The Japan plans to implement a flat tax of 20% on crypto gains, ending the progressive regime that could reach up to 55% and finally aligning the taxation of digital assets with that of stocks.
End of the Progressive Regime Up to 55%, Welcome to a Flat Tax
Today, Japanese individuals are subject to a progressive tax that could climb to 55% on their crypto profits. A burden often cited as the main reason for the lack of domestic dynamism, despite a highly regulated local market and significantly secured since the post-Mt. Gox era.
The reform, supported by the government and the ruling coalition, would move crypto into the “separate taxation” regime. Capital gains would no longer be aggregated with salaries or professional income. They would be independently taxed at a rate of 20%, 15% for the central administration and 5% for prefectures.
This change is expected to be included in the 2026 tax package, finalized by the end of December.

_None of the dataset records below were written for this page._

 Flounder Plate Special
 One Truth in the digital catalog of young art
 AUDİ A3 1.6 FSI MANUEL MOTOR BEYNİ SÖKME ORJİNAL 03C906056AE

A Necessary Upgrade for a Booming Market
The political message is clear: crypto is now seen as a legitimate investment, comparable to stock markets. By aligning the taxation of digital assets with that of securities, Japan aims to attract more domestic activity and reduce the exodus of traders to more welcoming jurisdictions.

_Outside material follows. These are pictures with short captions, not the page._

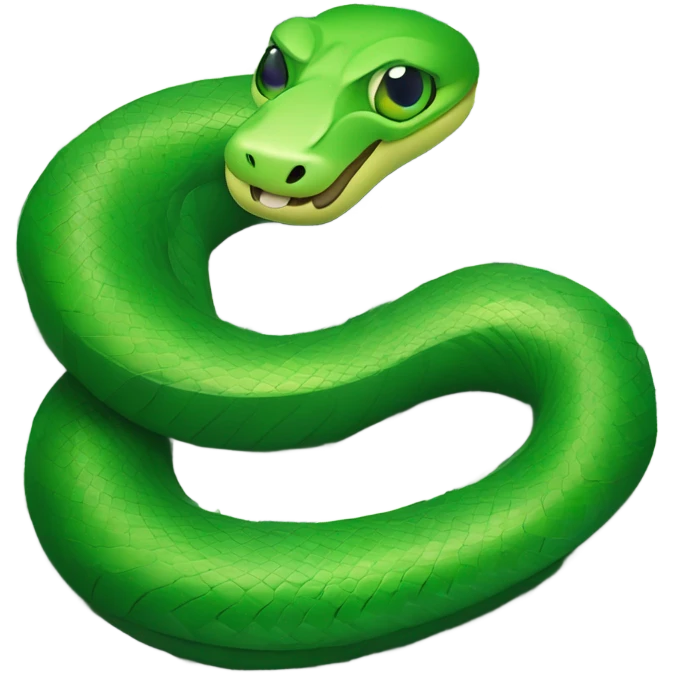 green Snake sitting on Money emoji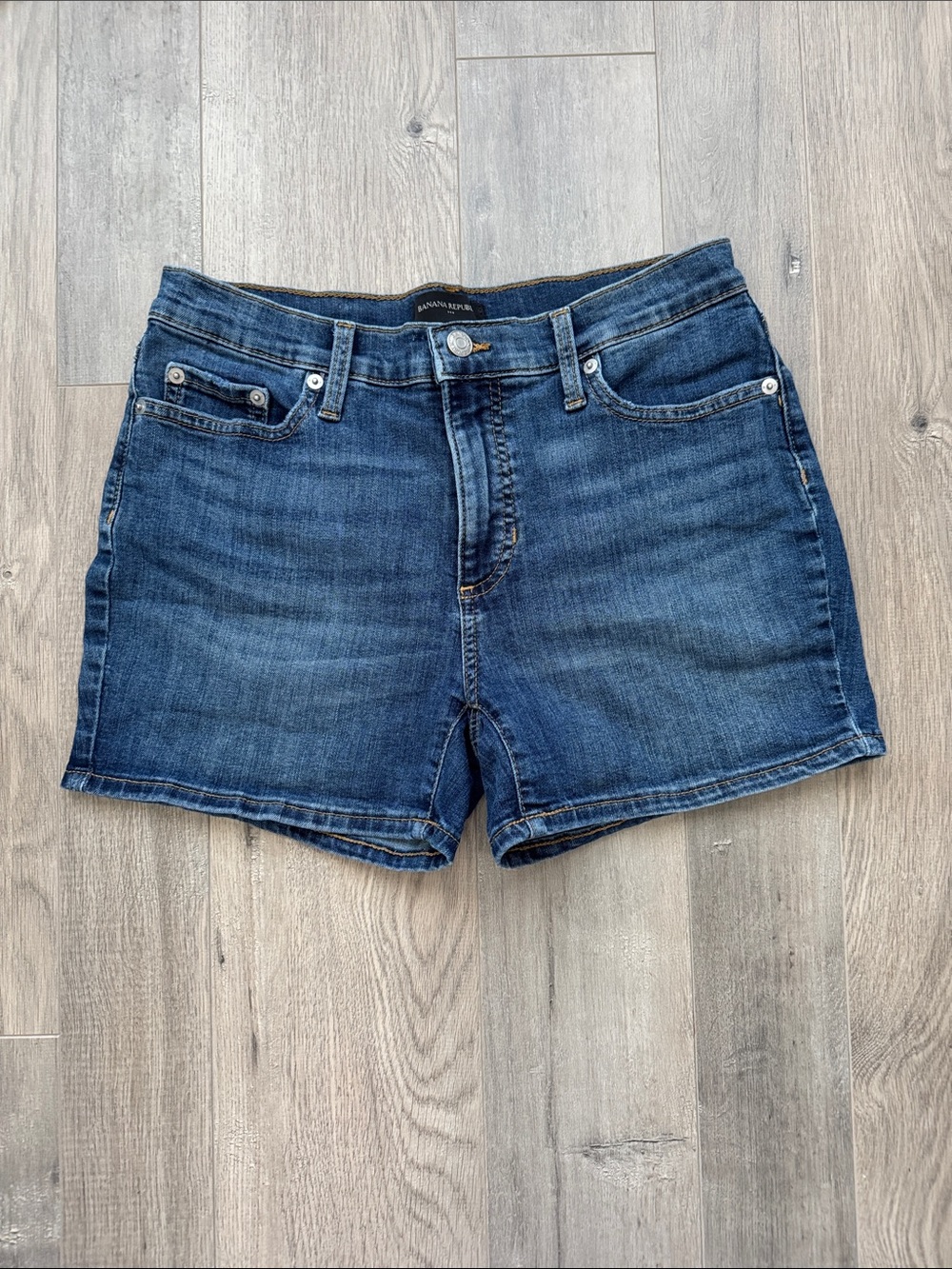 Banana Republic Dark Blue Denim Jean Shorts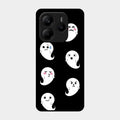 Cute Ghost Glass Case Cover For Redmi Note 14 Se 5G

This change comes as Japanese platforms show a steady increase in volume. According to the Japan Virtual and Crypto Assets Exchange Association, spot volumes surpassed $9.6 billion in September. A momentum that strengthens the case for a more competitive tax policy.

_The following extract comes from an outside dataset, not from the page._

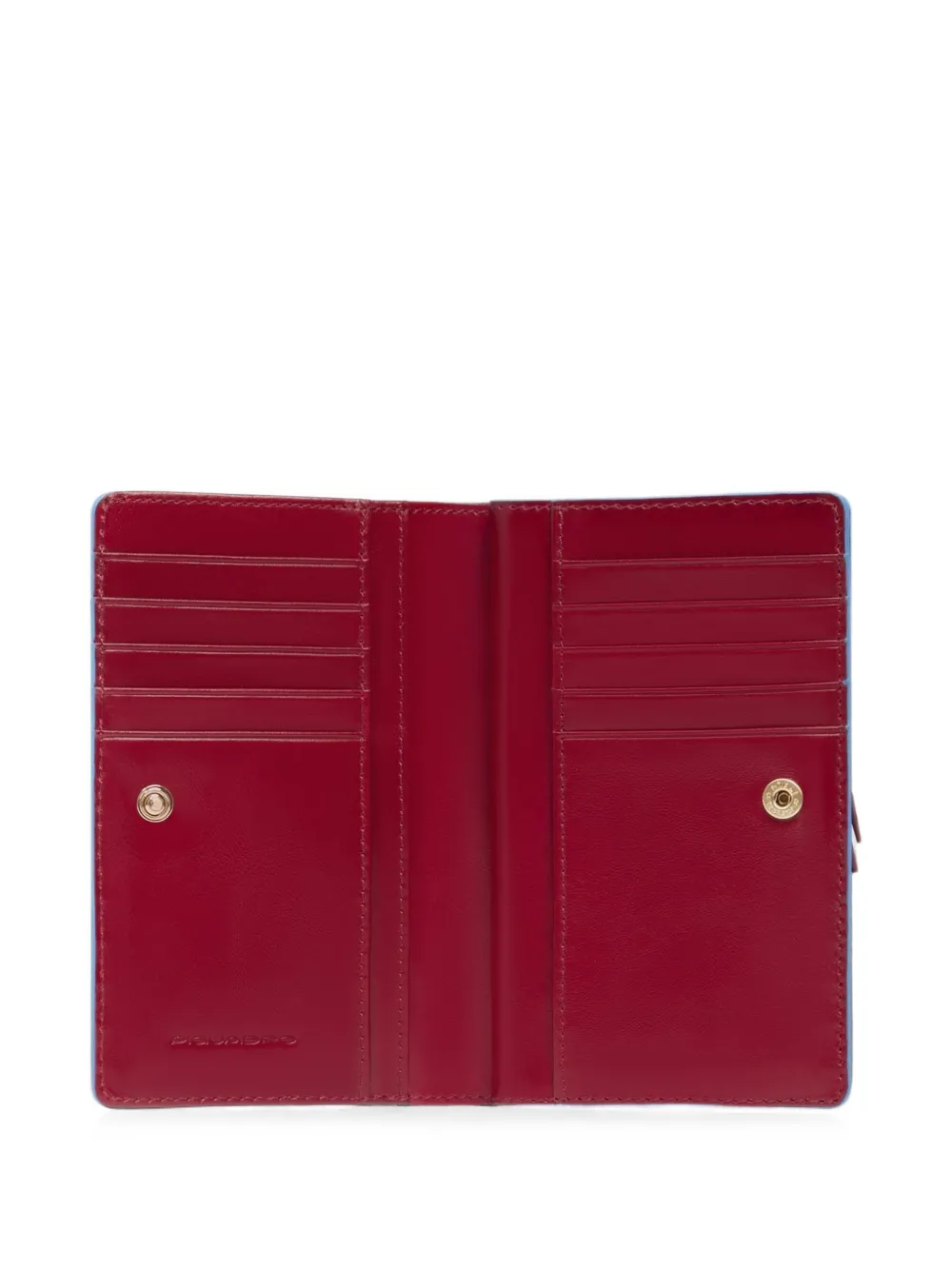 PIQUADRO logo-plaque bifold wallet Rood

A Signal of Normalization in the Asia-Pacific Region
The reform could have a ripple effect in Asia. Unlike South Korea, which has repeatedly postponed its own crypto tax framework, Japan is moving towards an orderly integration of the sector. The country demonstrates that it is possible to combine strict regulation, robust infrastructure, and a more rational tax environment.
For Japanese investors, the prospect is simple: a stable, predictable, and finally competitive framework. For Tokyo, it is a strategic step to re-anchor crypto activity in the country.
If the reform is adopted by the end of December, 2026 could be the year when Japan definitively closes the tax loophole that stifled its crypto market.